The Times in a souvenir issue, shows Pope Benedict going through the crowds yesterday. It says the Pope was given an emotional send-off.

The Malta Independent shows a group of youths with the Pope on the catamaran which crossed Grand Harbour.

In-Nazzjon highlights the Pope's call for Malta to preserve and disseminate the faith.

l-orizzont also carries many pictures showing various stages of the Pope's visit to Malta yesterday.

Illum says the Pope cried with the victims of child abuse during a meeting yesterday.

The overseas press:

The International Herald Tribune reports that hopes of a swift resumption of commercial flights have been raised as the EU said air traffic could return to 50 per cent of its normal level today if forecasts confirmed that skies over half the continent were clearing of volcanic ash that has thrown global travel into chaos. EU transport ministers are to hold emergency talks by video conference on easing the chaos.

The Aviation Herald says several airlines safely flew test flights without passengers over Europe on Sunday despite warnings about the dangers of the ash.

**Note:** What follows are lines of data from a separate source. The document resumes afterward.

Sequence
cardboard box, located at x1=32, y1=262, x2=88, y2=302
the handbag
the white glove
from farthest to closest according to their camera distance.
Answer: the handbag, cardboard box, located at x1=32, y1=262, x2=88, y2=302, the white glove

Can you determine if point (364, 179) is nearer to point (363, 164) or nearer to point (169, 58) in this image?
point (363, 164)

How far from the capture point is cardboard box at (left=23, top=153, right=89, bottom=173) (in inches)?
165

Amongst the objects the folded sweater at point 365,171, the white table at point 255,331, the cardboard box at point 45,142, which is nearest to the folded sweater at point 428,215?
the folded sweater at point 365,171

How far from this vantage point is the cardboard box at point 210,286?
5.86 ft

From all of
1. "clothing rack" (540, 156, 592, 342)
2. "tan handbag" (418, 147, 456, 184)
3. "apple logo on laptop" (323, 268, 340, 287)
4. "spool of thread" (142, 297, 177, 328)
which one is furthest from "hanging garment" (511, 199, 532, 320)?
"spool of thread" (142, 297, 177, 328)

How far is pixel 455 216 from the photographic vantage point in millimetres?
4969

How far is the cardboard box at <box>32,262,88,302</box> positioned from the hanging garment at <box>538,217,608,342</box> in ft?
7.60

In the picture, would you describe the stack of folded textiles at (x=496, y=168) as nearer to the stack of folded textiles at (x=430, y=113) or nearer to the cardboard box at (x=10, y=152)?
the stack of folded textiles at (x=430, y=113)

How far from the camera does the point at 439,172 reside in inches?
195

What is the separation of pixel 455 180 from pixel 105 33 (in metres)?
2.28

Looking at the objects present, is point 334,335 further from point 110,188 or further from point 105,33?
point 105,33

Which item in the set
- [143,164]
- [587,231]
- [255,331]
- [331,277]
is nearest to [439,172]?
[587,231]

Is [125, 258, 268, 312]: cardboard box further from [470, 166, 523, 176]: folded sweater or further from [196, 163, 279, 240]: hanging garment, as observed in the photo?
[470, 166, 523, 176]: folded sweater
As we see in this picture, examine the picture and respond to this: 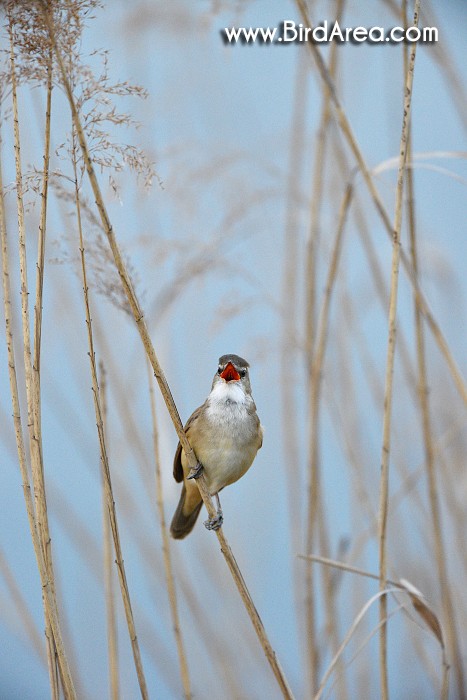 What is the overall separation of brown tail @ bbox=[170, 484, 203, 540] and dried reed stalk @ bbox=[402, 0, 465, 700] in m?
0.67

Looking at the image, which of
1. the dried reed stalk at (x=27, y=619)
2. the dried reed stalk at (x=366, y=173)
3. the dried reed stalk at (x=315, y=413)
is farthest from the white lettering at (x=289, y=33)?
the dried reed stalk at (x=27, y=619)

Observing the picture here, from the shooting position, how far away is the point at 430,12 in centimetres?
215

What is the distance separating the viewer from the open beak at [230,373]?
1.64 metres

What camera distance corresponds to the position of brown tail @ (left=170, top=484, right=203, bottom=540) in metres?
2.06

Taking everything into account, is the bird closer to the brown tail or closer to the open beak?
the open beak

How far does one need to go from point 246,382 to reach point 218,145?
1181 millimetres

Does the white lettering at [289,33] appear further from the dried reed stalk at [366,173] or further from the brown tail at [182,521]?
the brown tail at [182,521]

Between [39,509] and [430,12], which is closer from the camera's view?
[39,509]

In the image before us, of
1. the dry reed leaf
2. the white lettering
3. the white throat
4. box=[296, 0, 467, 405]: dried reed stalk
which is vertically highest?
the white lettering

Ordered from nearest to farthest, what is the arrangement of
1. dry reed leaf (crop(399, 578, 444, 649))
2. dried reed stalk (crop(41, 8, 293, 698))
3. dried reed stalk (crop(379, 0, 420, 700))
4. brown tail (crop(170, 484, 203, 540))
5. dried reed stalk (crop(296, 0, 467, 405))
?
dried reed stalk (crop(41, 8, 293, 698))
dried reed stalk (crop(379, 0, 420, 700))
dry reed leaf (crop(399, 578, 444, 649))
dried reed stalk (crop(296, 0, 467, 405))
brown tail (crop(170, 484, 203, 540))

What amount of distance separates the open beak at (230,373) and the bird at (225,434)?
29 mm

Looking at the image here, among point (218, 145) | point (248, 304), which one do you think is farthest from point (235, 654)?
point (218, 145)

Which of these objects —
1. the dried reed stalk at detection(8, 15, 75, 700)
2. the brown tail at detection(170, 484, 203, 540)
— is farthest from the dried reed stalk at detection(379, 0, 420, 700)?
the dried reed stalk at detection(8, 15, 75, 700)

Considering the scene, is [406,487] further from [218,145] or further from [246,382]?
[218,145] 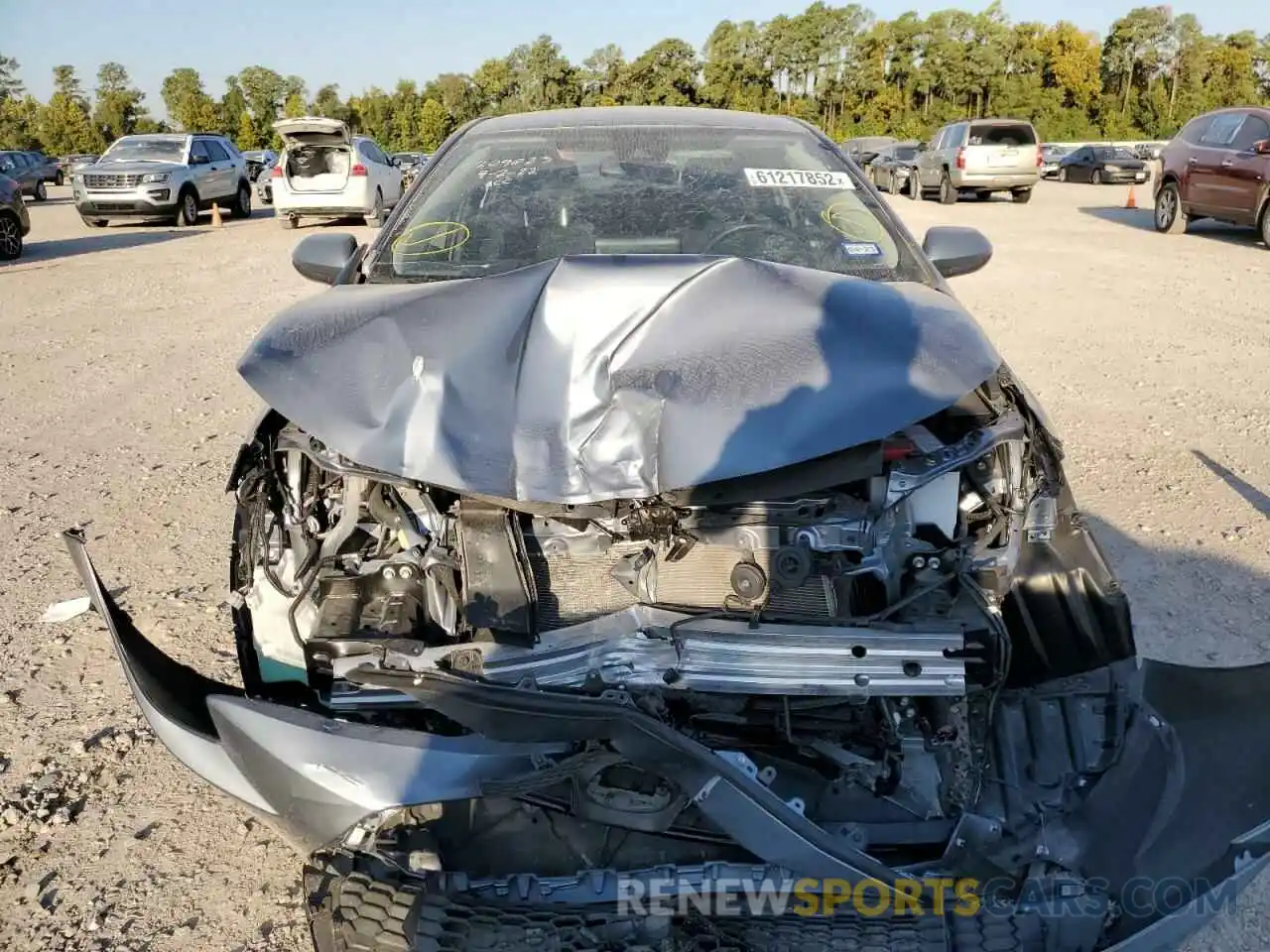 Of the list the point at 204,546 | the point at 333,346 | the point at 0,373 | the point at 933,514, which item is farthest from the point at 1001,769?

That fuelled a corporate push to end an economically-devastating ban on commercial air traffic as 63,000 flights have been cancelled in four days, with millions of passengers stranded worldwide. The flight bans came amid fears that the ash - a mixture of glass, sand and rock particles - can damage aircraft engines.

Warsaw Voice reports that thousands of mourners paid their last respects during the funeral Mass and burial of Polish President Lech Kaczynski and his wife Maria in Krakow. Tens of thousands of people lined the streets with outstretched hands, some holding flowers and national flags, and many wiping tears from their eyes.

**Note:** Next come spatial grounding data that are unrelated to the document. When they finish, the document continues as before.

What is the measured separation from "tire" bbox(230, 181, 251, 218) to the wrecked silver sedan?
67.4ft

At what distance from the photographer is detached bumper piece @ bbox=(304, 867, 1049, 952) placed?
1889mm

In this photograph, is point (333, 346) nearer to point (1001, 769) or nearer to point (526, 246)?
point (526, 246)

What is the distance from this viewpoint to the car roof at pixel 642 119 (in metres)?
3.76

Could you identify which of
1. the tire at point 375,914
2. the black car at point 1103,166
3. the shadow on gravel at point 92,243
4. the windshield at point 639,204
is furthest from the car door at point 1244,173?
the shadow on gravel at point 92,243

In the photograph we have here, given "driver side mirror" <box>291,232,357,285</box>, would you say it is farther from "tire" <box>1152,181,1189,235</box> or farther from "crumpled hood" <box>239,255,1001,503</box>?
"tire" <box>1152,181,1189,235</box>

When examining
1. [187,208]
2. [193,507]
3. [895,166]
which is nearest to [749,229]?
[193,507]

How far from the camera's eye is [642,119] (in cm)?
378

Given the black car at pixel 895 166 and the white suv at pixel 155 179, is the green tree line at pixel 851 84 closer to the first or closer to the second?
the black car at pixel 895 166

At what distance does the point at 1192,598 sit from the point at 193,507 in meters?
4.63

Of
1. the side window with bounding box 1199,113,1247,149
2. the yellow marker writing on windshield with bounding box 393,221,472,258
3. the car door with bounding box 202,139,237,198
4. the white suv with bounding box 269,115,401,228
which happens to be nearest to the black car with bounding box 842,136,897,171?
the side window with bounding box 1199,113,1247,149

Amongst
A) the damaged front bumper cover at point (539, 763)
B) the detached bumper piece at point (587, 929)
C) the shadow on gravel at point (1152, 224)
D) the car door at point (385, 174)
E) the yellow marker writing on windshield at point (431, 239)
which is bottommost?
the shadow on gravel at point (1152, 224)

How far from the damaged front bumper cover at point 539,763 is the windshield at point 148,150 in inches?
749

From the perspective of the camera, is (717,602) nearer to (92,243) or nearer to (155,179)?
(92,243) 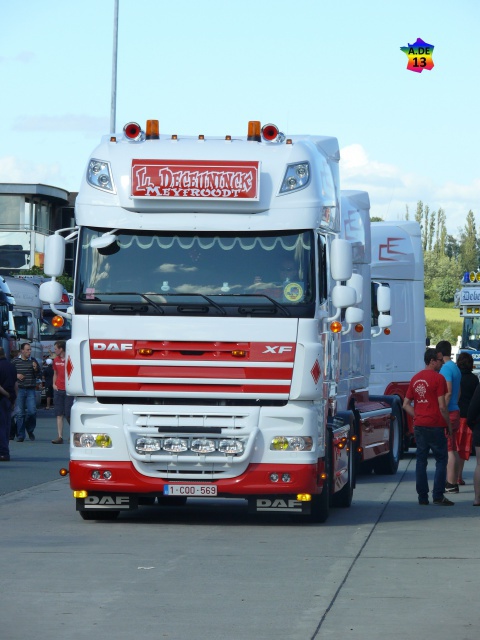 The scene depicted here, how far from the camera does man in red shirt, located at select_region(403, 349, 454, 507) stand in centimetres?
1633

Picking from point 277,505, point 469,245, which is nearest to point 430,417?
point 277,505

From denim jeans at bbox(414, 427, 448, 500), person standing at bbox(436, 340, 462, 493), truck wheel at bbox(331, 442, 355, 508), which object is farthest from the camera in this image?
person standing at bbox(436, 340, 462, 493)

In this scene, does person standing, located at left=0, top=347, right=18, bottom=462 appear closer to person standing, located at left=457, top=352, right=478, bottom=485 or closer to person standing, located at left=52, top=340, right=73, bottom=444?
person standing, located at left=52, top=340, right=73, bottom=444

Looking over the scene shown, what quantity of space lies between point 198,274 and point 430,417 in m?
4.37

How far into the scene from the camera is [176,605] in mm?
9102

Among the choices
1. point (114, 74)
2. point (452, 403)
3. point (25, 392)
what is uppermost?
point (114, 74)

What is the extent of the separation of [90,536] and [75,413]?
4.07ft

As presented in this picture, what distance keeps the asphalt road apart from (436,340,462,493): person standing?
1.81 m

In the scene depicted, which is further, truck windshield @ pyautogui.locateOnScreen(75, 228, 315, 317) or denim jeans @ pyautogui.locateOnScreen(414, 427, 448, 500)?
denim jeans @ pyautogui.locateOnScreen(414, 427, 448, 500)

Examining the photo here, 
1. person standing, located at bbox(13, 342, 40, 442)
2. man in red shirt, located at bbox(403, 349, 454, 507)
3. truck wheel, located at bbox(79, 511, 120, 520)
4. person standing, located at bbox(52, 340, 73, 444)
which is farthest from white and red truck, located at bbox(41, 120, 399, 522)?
person standing, located at bbox(13, 342, 40, 442)

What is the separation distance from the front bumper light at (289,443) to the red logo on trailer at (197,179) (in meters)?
2.32

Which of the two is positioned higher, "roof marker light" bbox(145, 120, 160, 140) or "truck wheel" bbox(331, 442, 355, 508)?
"roof marker light" bbox(145, 120, 160, 140)

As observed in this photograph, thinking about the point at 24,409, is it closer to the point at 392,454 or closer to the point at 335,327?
the point at 392,454

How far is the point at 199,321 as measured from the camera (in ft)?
43.1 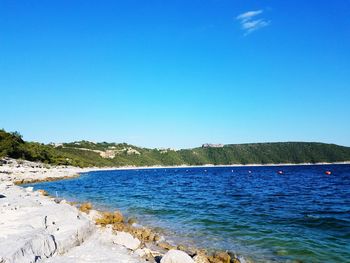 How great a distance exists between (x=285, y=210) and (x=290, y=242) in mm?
10100

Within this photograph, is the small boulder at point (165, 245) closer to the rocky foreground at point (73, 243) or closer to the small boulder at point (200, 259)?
the rocky foreground at point (73, 243)

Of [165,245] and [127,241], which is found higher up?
[127,241]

Cyprus Observer says official results indicate that hardliner Dervis Eroglu has won the election for president in the breakaway republic of Northern Cyprus. With 95 percent of Sunday's vote counted, Eroglu won 50.3 percent, slightly more than the 50 percent needed to avoid a runoff against incumbent president Mehmet Ali Talat. The outcome could stall talks aimed at bringing the Turkish and Greek sides of the island together.

Abrar quotes President Ahmadinejad extolling Iran's military might during an annual army parade, saying the country was so powerful that no one would dare attack it. The parade in Tehran showcased Iran's surface-to-surface Ghadr, Sajjil and Shahab-3 missiles, which have a range of up to 1,250 miles that put Israel and US bases in the region within Iran's reach.

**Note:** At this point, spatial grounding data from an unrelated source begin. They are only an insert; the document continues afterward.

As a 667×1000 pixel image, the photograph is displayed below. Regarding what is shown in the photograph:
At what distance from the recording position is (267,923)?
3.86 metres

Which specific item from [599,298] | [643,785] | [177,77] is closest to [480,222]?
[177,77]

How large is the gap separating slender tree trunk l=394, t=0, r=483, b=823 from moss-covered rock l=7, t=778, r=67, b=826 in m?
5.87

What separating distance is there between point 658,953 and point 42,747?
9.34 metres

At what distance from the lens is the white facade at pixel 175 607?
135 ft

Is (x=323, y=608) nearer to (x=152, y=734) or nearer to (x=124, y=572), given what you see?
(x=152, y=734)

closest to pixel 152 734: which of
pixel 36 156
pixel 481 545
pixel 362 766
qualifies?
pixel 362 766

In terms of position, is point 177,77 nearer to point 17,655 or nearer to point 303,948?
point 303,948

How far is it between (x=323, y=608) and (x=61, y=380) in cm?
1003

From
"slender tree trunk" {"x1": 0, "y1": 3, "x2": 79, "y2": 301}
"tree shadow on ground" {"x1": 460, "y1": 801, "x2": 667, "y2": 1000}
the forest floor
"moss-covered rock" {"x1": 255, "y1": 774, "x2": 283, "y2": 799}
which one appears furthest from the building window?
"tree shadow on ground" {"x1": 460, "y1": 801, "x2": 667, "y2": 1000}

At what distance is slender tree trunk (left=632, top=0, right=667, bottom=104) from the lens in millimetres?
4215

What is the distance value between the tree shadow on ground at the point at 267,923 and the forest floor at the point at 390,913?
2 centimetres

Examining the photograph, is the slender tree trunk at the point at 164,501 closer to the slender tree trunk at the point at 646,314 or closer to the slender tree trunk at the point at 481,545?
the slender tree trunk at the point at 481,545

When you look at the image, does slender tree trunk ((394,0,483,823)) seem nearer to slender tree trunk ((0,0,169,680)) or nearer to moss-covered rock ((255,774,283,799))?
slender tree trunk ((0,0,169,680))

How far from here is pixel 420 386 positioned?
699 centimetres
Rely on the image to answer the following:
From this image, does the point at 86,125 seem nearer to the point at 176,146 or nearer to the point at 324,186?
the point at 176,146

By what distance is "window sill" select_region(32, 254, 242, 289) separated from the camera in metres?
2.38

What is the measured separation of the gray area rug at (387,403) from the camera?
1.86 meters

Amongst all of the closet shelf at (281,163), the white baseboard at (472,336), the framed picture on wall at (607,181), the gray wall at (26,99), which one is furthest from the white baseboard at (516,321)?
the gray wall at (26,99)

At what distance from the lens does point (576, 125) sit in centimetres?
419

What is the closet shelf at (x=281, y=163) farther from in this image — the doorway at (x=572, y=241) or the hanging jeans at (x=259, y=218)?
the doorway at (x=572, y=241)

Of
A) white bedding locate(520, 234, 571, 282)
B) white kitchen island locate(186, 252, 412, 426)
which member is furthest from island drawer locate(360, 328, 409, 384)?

Bangkok Post reports that the Thai army has moved hundreds of soldiers into the business district of Bangkok to prevent anti-government protesters entering the area. The the red-shirts, who have been camping out for weeks in a shopping district nearby, are trying to force Prime Minister Abhisit Vejjajiva to step down and call an election.

China Daily says a 68-year-old man has been pulled from the rubble of the earthquake that struck China earlier this week killing more than 1,700 people. The man had been trapped for 100 hours following the 6.9 magnitude quake.

Afghan Post reports President Hamid Karzai has taken key steps to reform Afghanistan's electoral system, naming a respected former judge to head an organising body and ending his bid to exclude international representatives from a fraud-monitoring group. The moves meet long-standing international demands that the electoral process be cleaned up after massive fraud in last year's presidential balloting.

The Sydney Morning Herald says a publisher is reprinting 7,000 cookbooks after a mistake which gave a recipe for pasta with "salt and freshly ground black people" instead of "pepper". Penguin Group Australia's head of publishing, Bob Sessions, said the proof reader should have spotted the "silly mistake". The reprinting will cost the publisher €13,707.